▶ **WHAT TO WORK ON**: Starting at the line that contains "round shield arrows" and stopping at the line that contains "background - 89646607", transcribe every line of the material below exactly; pictures stay out.

▶ **EXERCISE DATA**:
== Segment start ==
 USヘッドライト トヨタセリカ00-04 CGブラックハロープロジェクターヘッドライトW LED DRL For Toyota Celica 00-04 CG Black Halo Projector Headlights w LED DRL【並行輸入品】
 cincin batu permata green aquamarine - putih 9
== Segment end ==
== Segment start ==
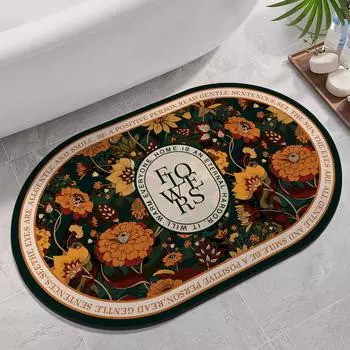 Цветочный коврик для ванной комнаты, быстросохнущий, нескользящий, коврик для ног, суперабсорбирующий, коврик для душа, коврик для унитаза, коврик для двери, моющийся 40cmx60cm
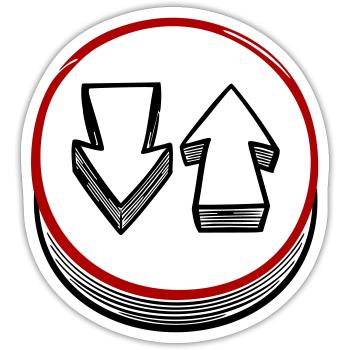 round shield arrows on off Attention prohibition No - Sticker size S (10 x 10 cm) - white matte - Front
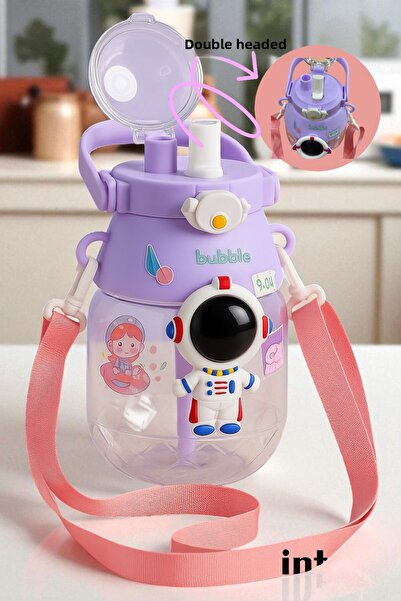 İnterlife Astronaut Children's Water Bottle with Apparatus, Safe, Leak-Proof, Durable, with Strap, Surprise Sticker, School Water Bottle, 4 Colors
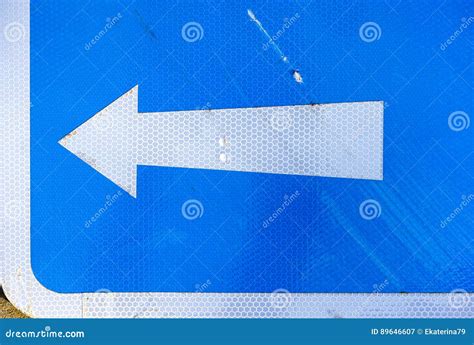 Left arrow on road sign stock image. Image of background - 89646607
== Segment end ==
▶ **WRITTEN ANSWER**:
 round shield arrows on off Attention prohibition No - Sticker size S (10 x 10 cm) - white matte - Front
 İnterlife Astronaut Children's Water Bottle with Apparatus, Safe, Leak-Proof, Durable, with Strap, Surprise Sticker, School Water Bottle, 4 Colors
 Left arrow on road sign stock image. Image of background - 89646607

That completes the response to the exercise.